Cada fenómeno de El Niño deja cicatrices profundas en Cundinamarca. Los incendios forestales devoran montañas y pastizales, y las cenizas dejan una mancha negra que tarda meses o años en desaparecer. Ante la nueva alerta por la llegada de este evento climático, que podría extenderse hasta comienzos de 2027, la Corporación Autónoma Regional (CAR) elaboró un estudio sobre los riesgos en su jurisdicción, que incluye una zona de Boyacá. El documento llama la atención por una razón: ratifica que la vulnerabilidad ante incendios forestales y estrés hídrico es alta en la región.
Detalles del estudio
El estudio de la CAR analiza los riesgos asociados al fenómeno de El Niño en su jurisdicción, que abarca gran parte de Cundinamarca y sectores de Boyacá. Los resultados confirman que la región es altamente vulnerable a incendios forestales y a la escasez de agua, problemas que se agravan durante los periodos secos prolongados. La CAR advierte que las condiciones climáticas actuales, sumadas a la falta de lluvias, podrían generar emergencias ambientales significativas.
Impacto en la región
Los incendios forestales no solo afectan la vegetación y la fauna, sino que también ponen en riesgo viviendas y cultivos. Además, el estrés hídrico amenaza el suministro de agua para consumo humano y agrícola. La CAR hace un llamado a las autoridades locales y a la comunidad para tomar medidas preventivas, como la limpieza de zonas de riesgo y la preparación de reservas de agua.
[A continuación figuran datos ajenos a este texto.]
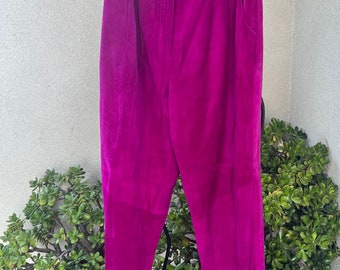 Vintage fuchsia pink suede leather pant high waist Sz 12 M by Kenar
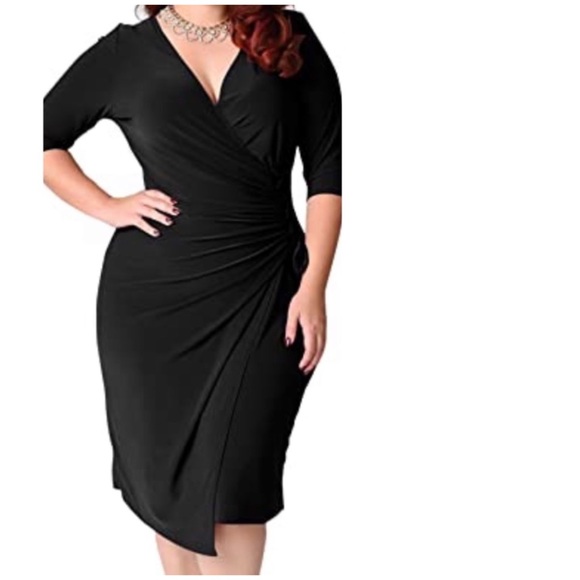 Dresses & Skirts - Black Ruched Waist Wrap Dress Size 2X NWT❤️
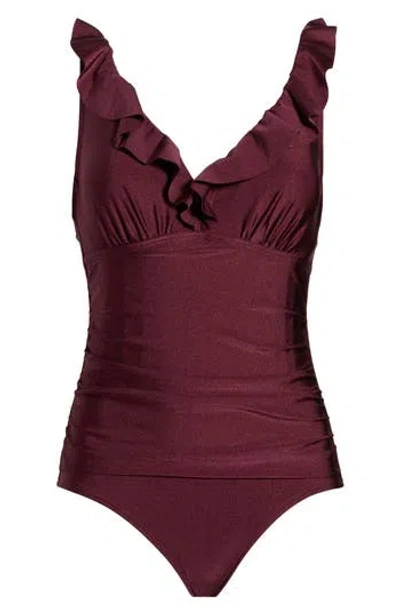 Dkny Ruffle V-neck One-piece Swimsuit In Burgundy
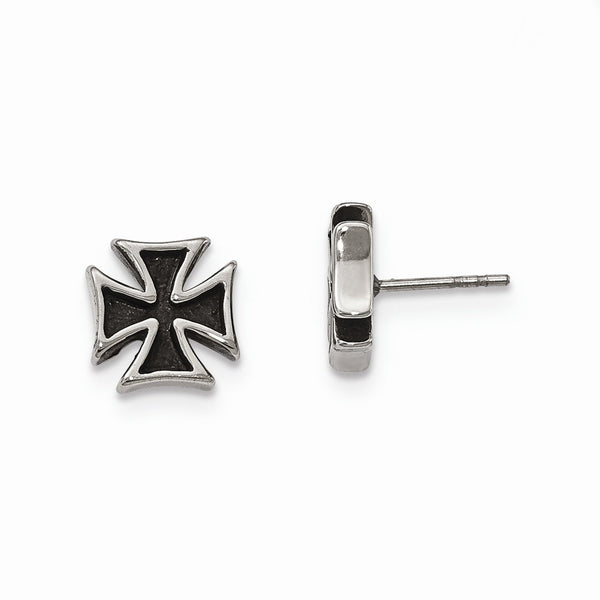 Stainless Steel Black Polished Cross Post Earrings - Birthstone Company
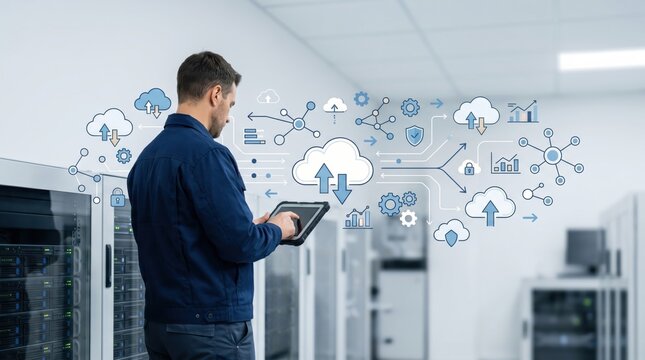 Engineer managing cloud computing server infrastructure in data center, using tablet for network security monitoring and database administration, IT support concept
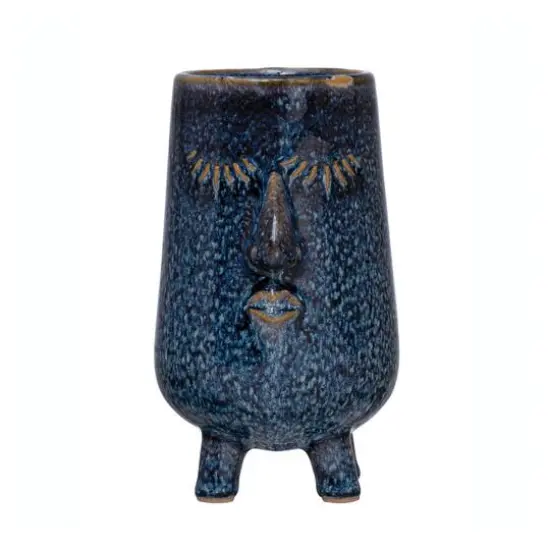 Hello Honey&reg; 6" Blue Reactive Glaze Stoneware Planter with Face {1}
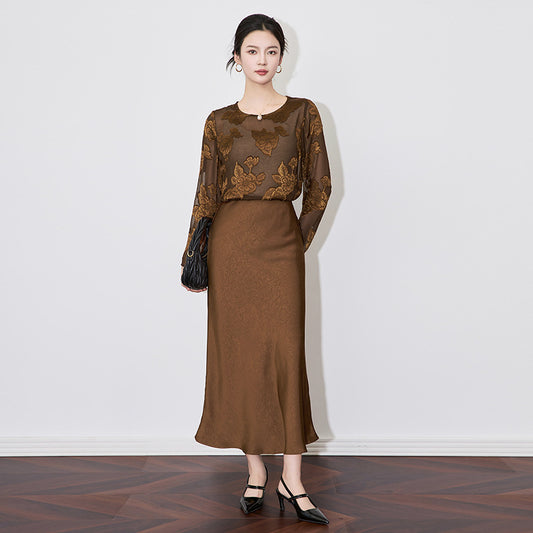 Silk Printed Irt Women's Loose Fit Vintage Sle Long Sve Pattern High End Feeling Spring New Chinese Sle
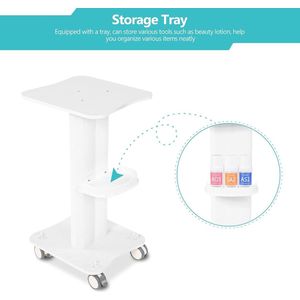 Allecto plus - Rolling Trolley voor Schoonheidssalon en Kapsalon in Wit - ABS Plastic - Cosmetische Servicekar - Hoogwaardige Kapperswagen.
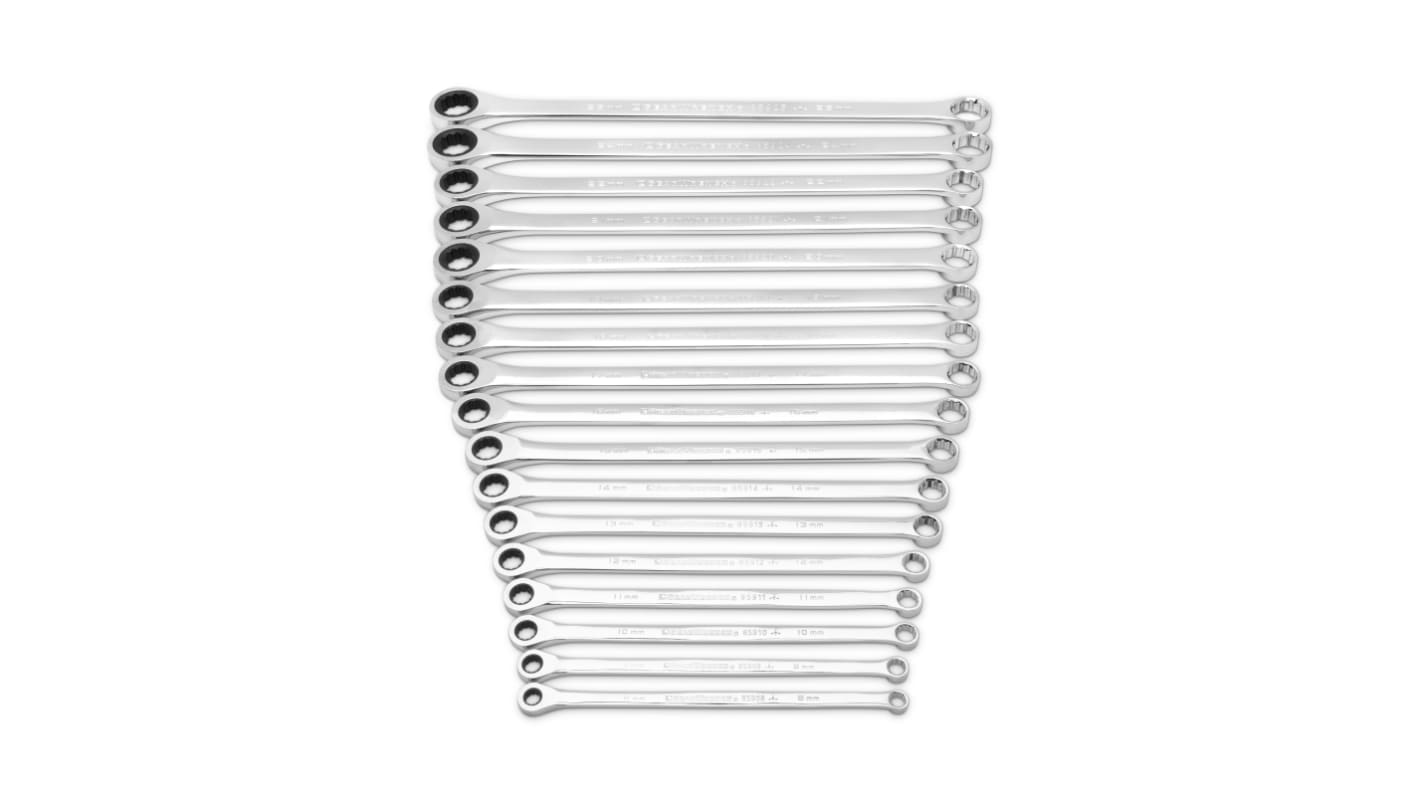 GearWrench 17-Piece Wrench Set, 8, 9, 10, 11, 12, 13, 14, 15, 16, 17, 18, 19, 20, 21, 22, 24, 25, Alloy Steel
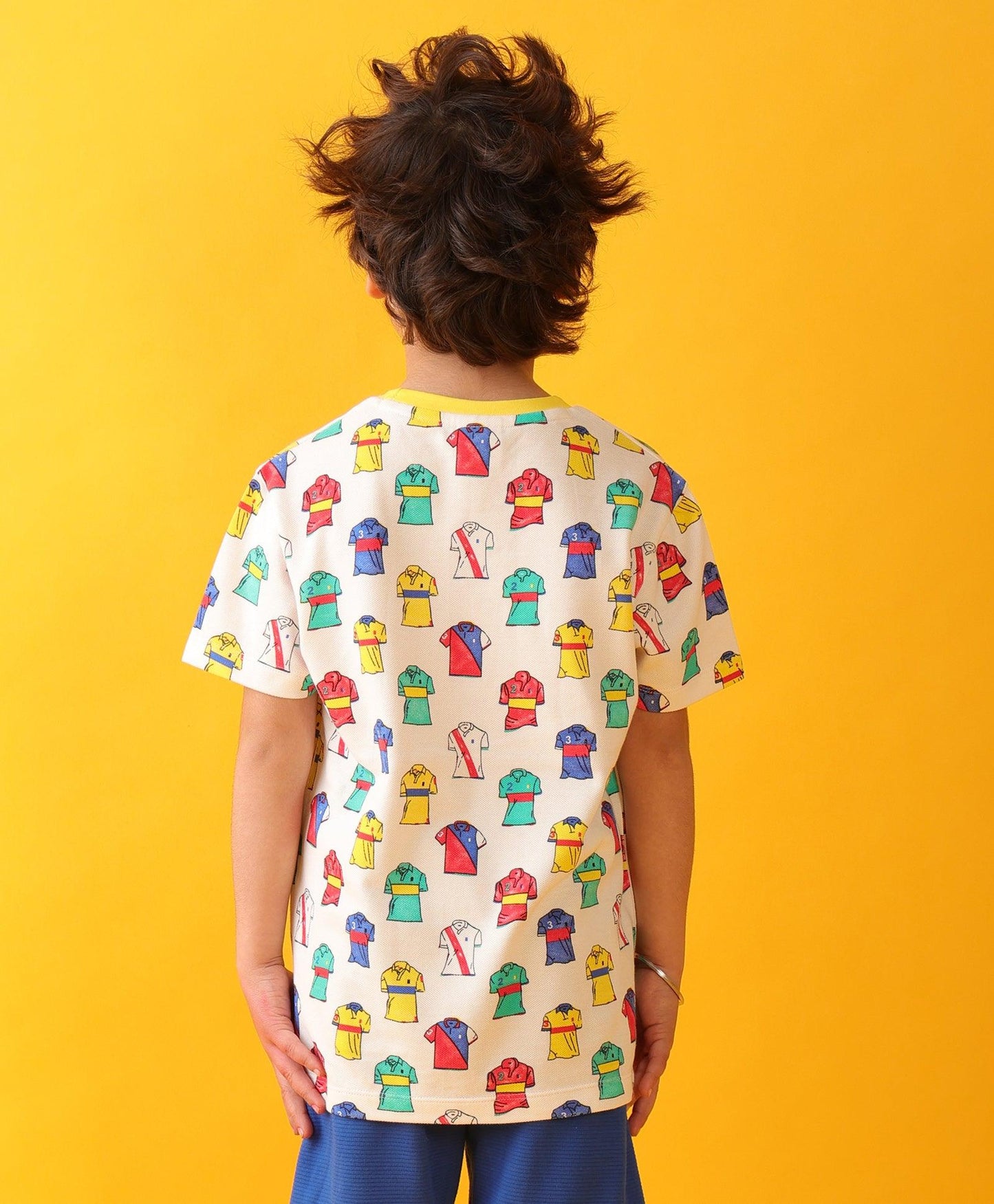 SUMMER POLO PRINT SHORT SLEEVES BOYS T-SHIRT - OFF WHITE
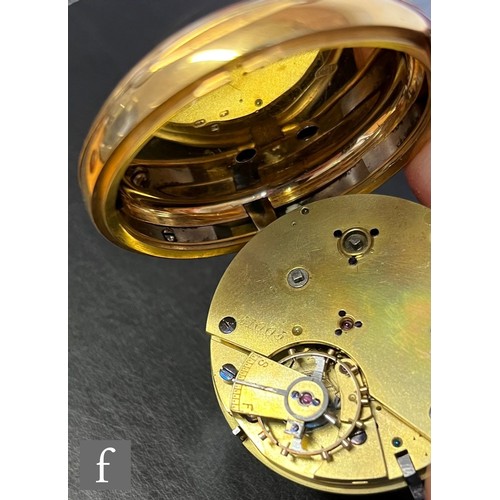 454 - A late 19th Century 18ct gold open face pocket watch, with centre seconds hand to the white enamelle... 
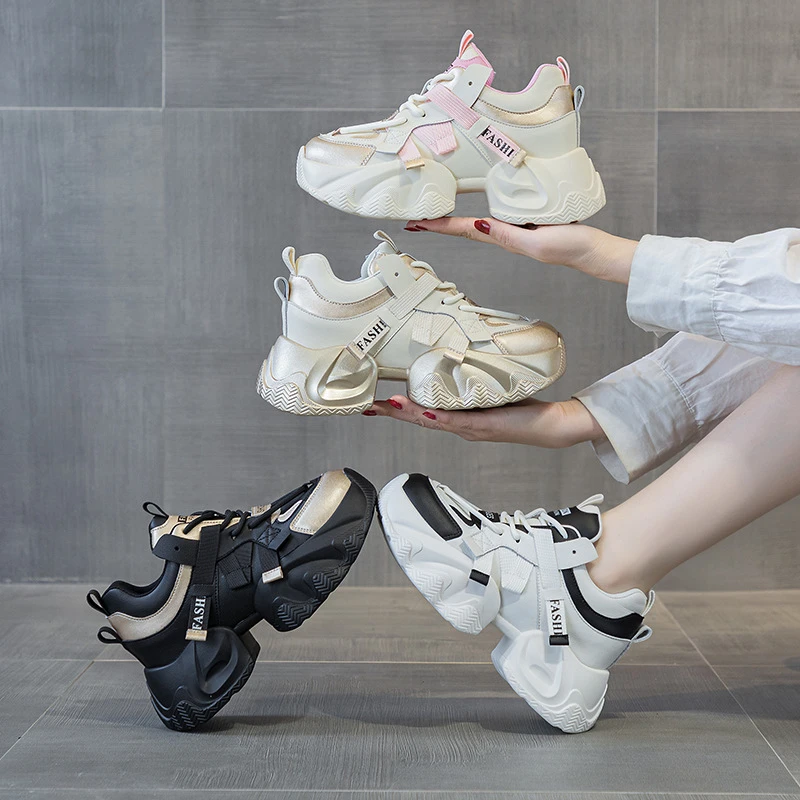 

Womens Platform Chunky Sneakers In Multiple Colors Hidden Heel Lift Lace Up Casual Dad Shoes For Daily Wear And Street Style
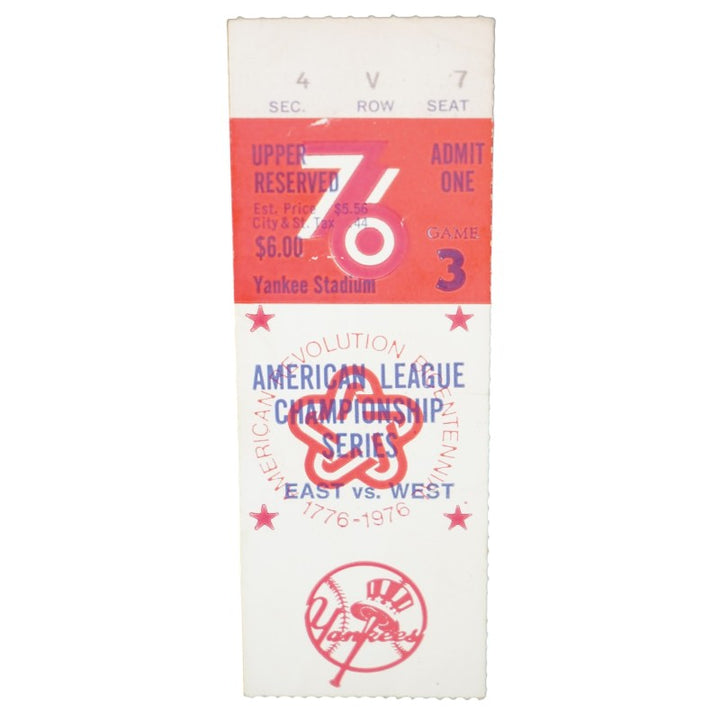 1976 ALCS Game Three Yankees vs. Royals 10/12/1976 Yankee Stadium Ticket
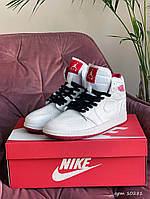 Nike Air Jordan женские демисезонные белые кроссовки на шнурках. Весенние женские кожаные высокие кроссы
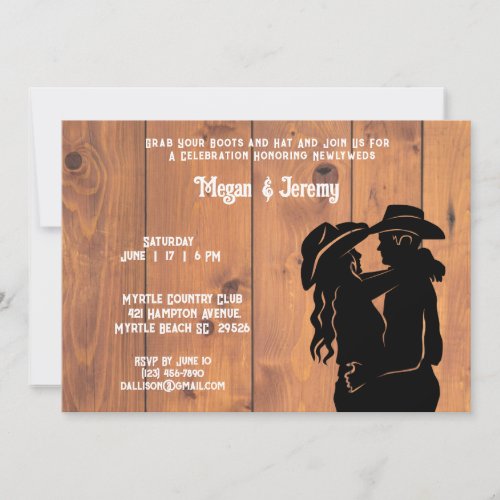 Cowgirl and Cowboy Reception  Invitation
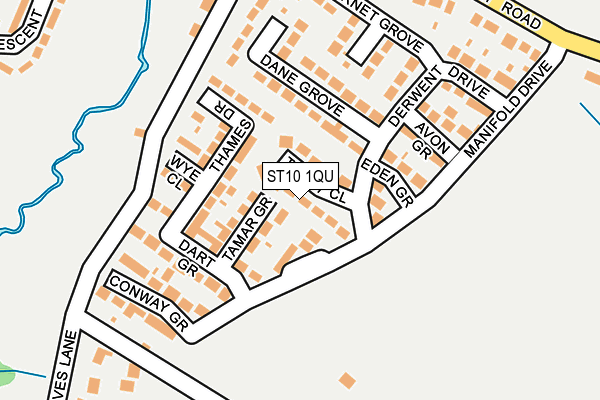 ST10 1QU map - OS OpenMap – Local (Ordnance Survey)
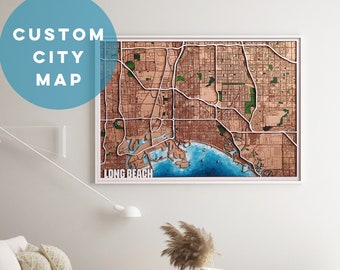3D Multilayer City Map | Long Beach map  | 3D City wood Map | 5th anniversary gift | Wooden Map | Gift for her | 3 Layers Frame | Laser Cut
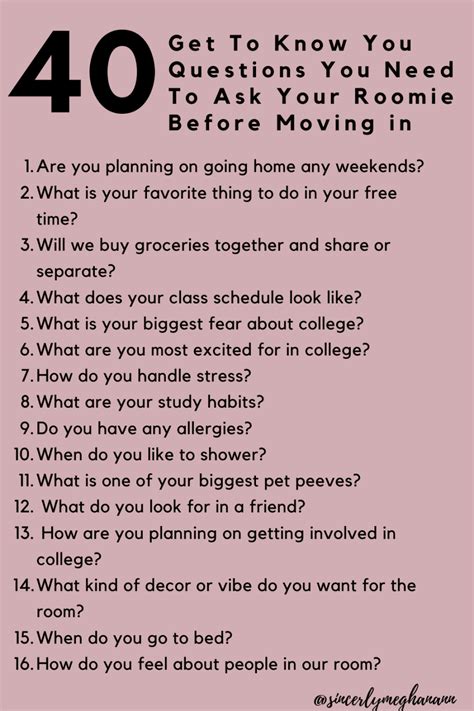 Questions You Need To Ask Your Roommate Before Moving In Freshman College College Freshman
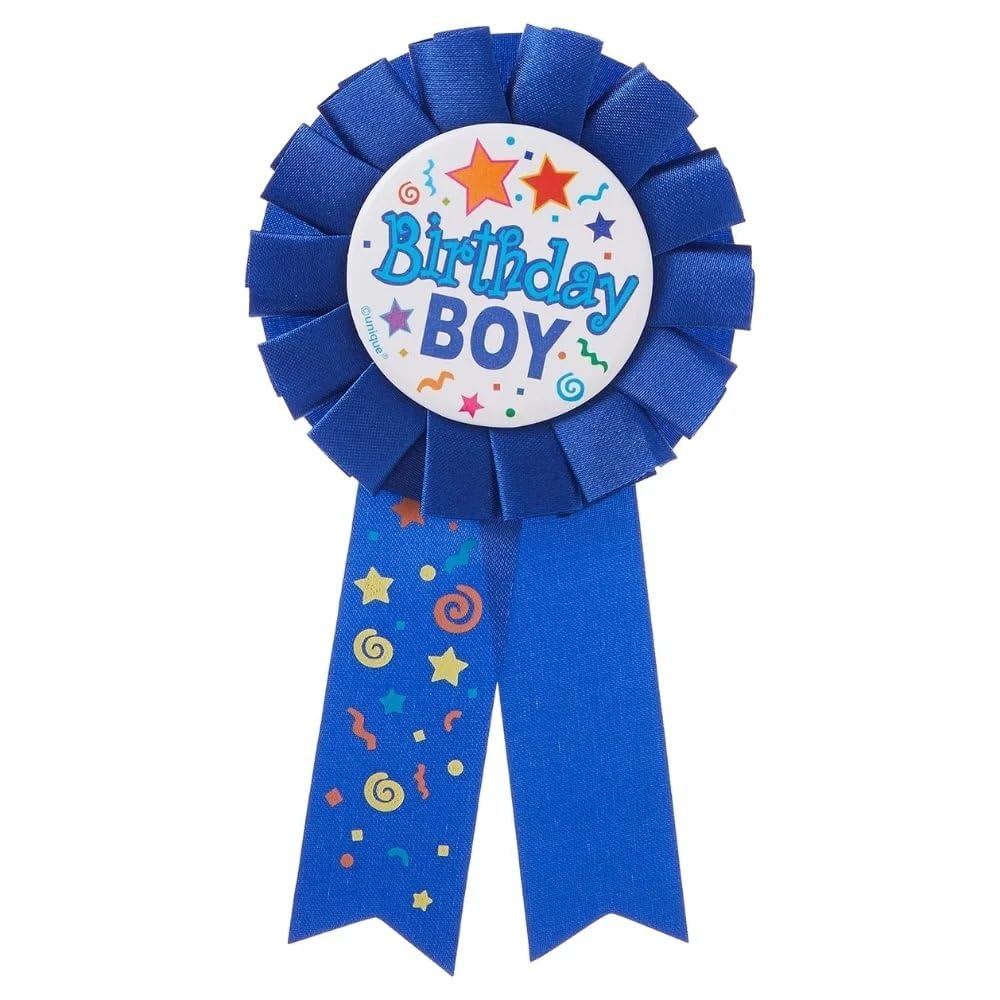 Unique Birthday Boy Multicolor Award Badge - 1 Count | 17cm x 8cm | Plastic 1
El fenómeno de El Niño, que podría durar hasta 2027, representa un desafío para la gestión del riesgo en Colombia. La CAR insta a los municipios a actualizar sus planes de emergencia y a coordinar acciones con los cuerpos de bomberos y defensa civil. La prevención es clave para mitigar los daños que estos eventos climáticos pueden causar.